The 10,000 year explosion: How civilization accelerated human evolution
New York, 2009
Abstract
Much of humanity’s past is a mystery. Until recently, we had only bones and artifacts to help us understand prehistoric human life. But today we have a new window into the past: the historical record that survives in our genes. We can now examine material from our own genomes and analyze it in light of evolutionary theory—a combination Gregory Cochran and Henry Harpending call evolutionary genomics. The overwhelming surprise emerging from this new field of research is that human evolution did not stop with the emergence of Homo sapiens. Instead, it sped up—and has continued accelerating into historical times. The 10,000 Year Explosion is the first book to introduce the new ideas coming from evolutionary genomics that will revolutionize humanity’s understanding of its past. Harpending and Cochran reveal the genetic changes that led to behaviorally modern humans and that allowed our ancestors to adapt to new environments. The majority of these changes, including adaptations to physical and social inventions such as agriculture and urban environments, seem to have started in a huge burst only 10,000 years ago. Cochran and Harpending make clear that many of the important transitions in human history involved biological changes that were the products of natural selection.
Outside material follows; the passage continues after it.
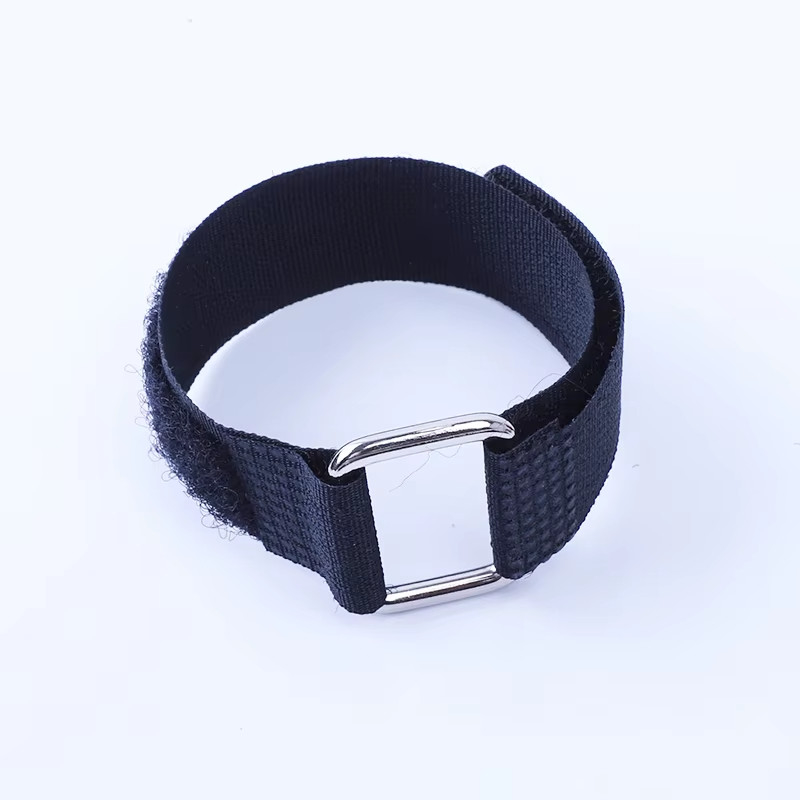 Reusable Hook And Loop Strap Adjustable Hook And Loop Fastening Cable Ties With Metal Buckle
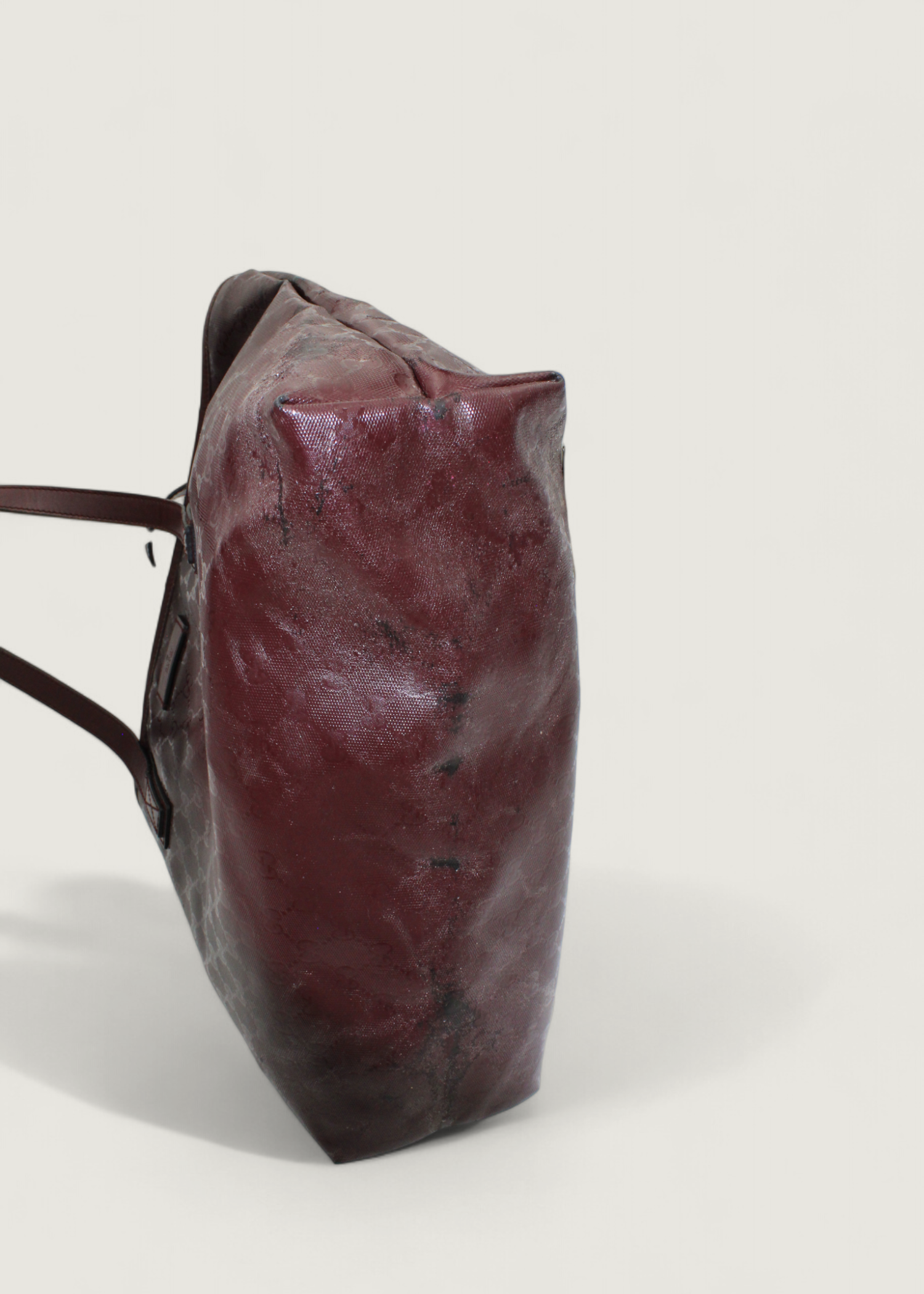 Preloved | Gucci Monogram Totebag i GG Imprime Canvas i Bordeaux Rød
Full of revelatory and wondrous findings, The 10,000 Year Explosion proves that humanity’s genetic inheritance can change remarkably fast—and that our own civilization can cause the change.
Quotes from this work
Farmers don’t benefit from competition between their domesticated animals or plants. In fact, reduced competition between individual members of domesticated species is the secret of some big gains in farm productivity, such as the dwarf strains of wheat and rice that made up the “Green Revolution.” Since the elites were in a very real sense raising peasants, just as peasants raised cows, there must have been a tendency for them to cull individuals who were more aggressive than average, which over time would have changed the frequencies of those alleles that induced such aggression. This would have been particularly likely in strong, long-lived states, because situation in which rebels often won might well have favored aggressive personalities. This meant some people were taming others, but with reasonable amounts of gene flow between classes, populations as a whole should have become tamer.